§ BRIEF
Having located "Rising Above Adversity", write out its line and the remaining lines of the material exactly, the last one included, but not the pictures.

++++++++++++++++++++

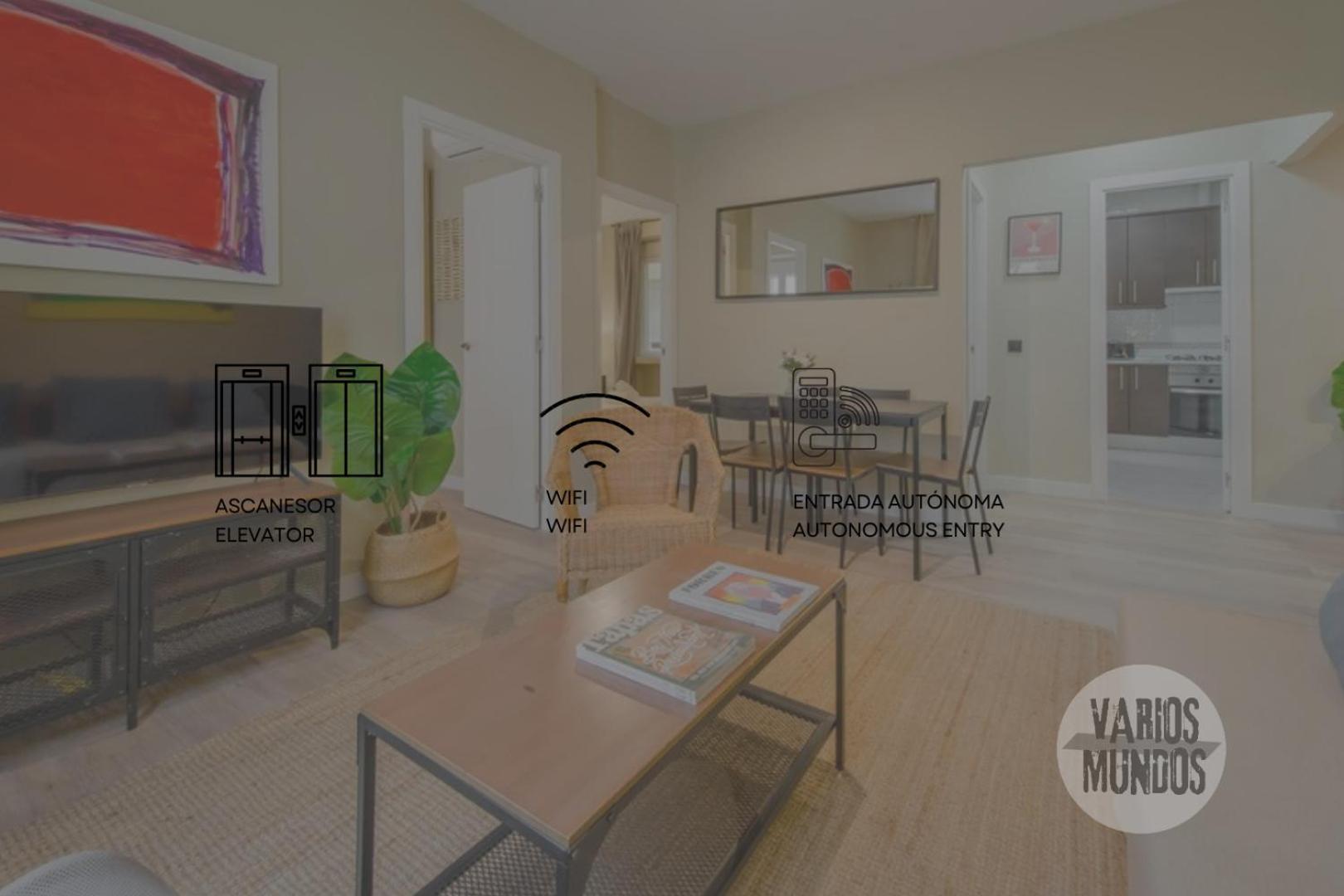 Practico Apt 7Pax En Calle Santa Ana Centro De 마드리드 외부 사진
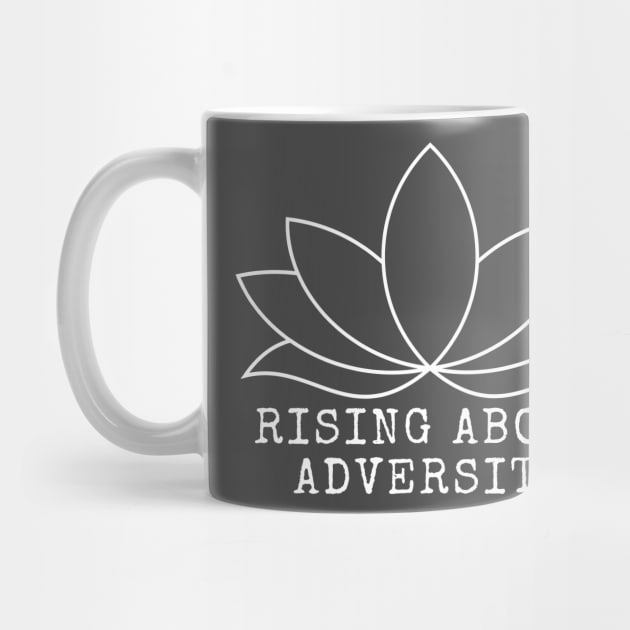 Rising Above Adversity - White Ink Print by CuteBotss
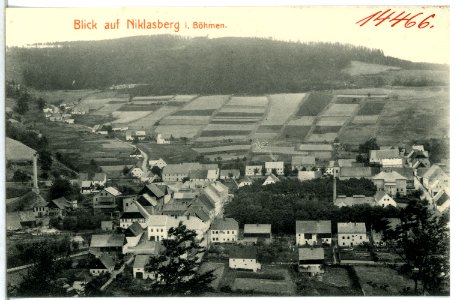 14466-Niklasberg-1912-Blick auf Niklasberg-Brück & Sohn Kunstverlag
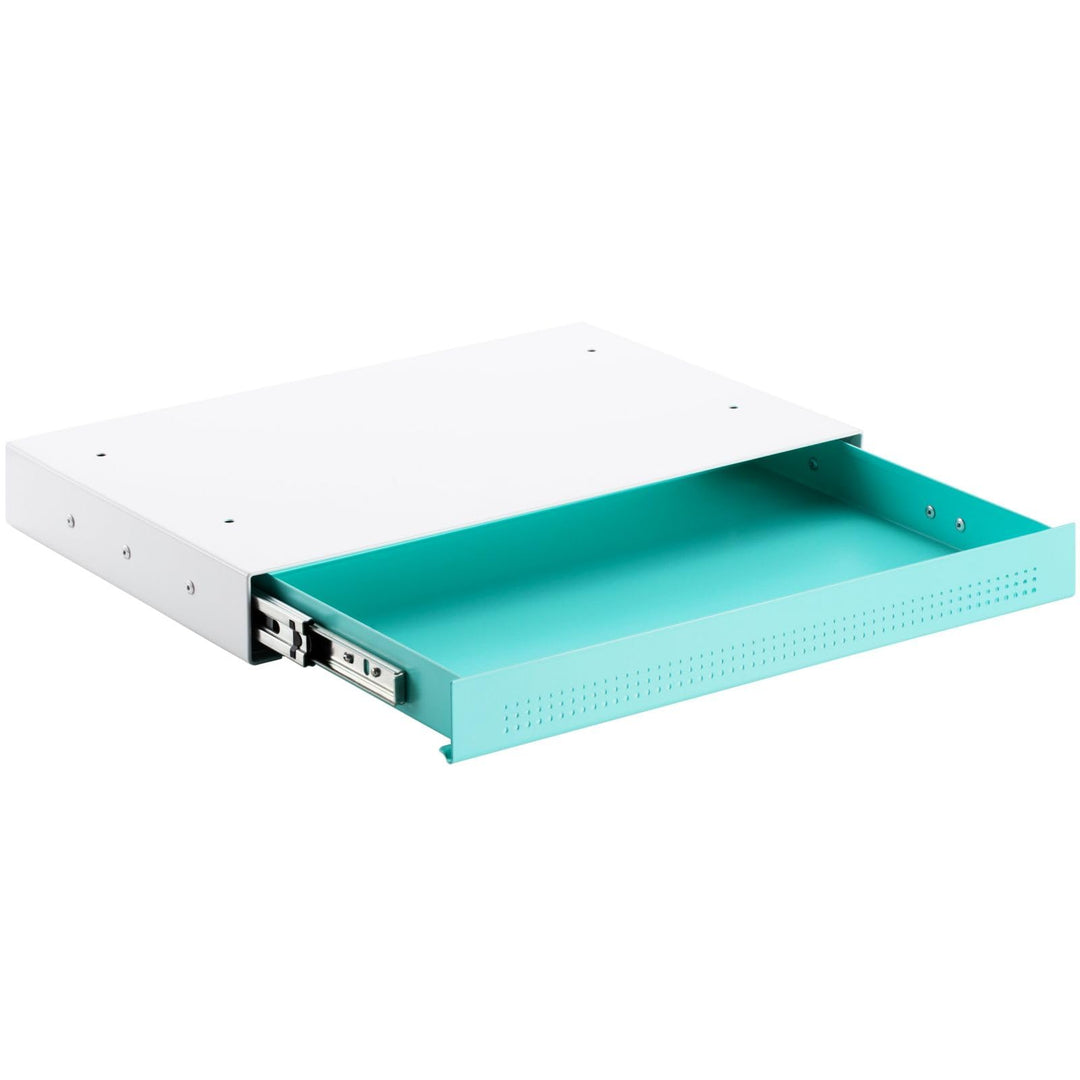 CAVO Dokumentenschublade aus Stahl 410 x 272 mm Türkis, weiss, Schreibtischschublade Unterbauschubla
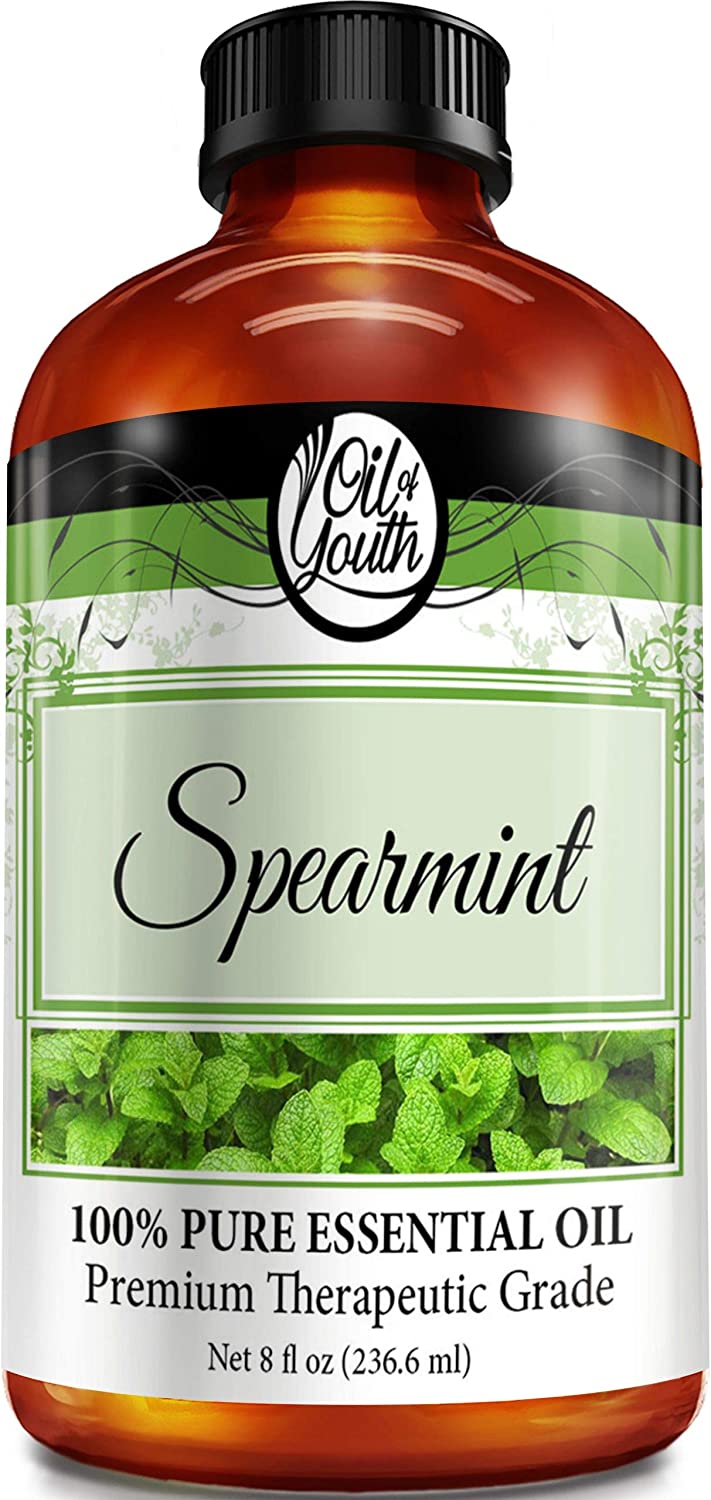 Oil of Youth Essential Oils 8oz - Spearmint Essential Oil - 8 Fluid Ounces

++++++++++++++++++++

§ WRITTEN ANSWER
 Rising Above Adversity - White Ink Print by CuteBotss
 14466-Niklasberg-1912-Blick auf Niklasberg-Brück & Sohn Kunstverlag
 CAVO Dokumentenschublade aus Stahl 410 x 272 mm Türkis, weiss, Schreibtischschublade Unterbauschubla
 Oil of Youth Essential Oils 8oz - Spearmint Essential Oil - 8 Fluid Ounces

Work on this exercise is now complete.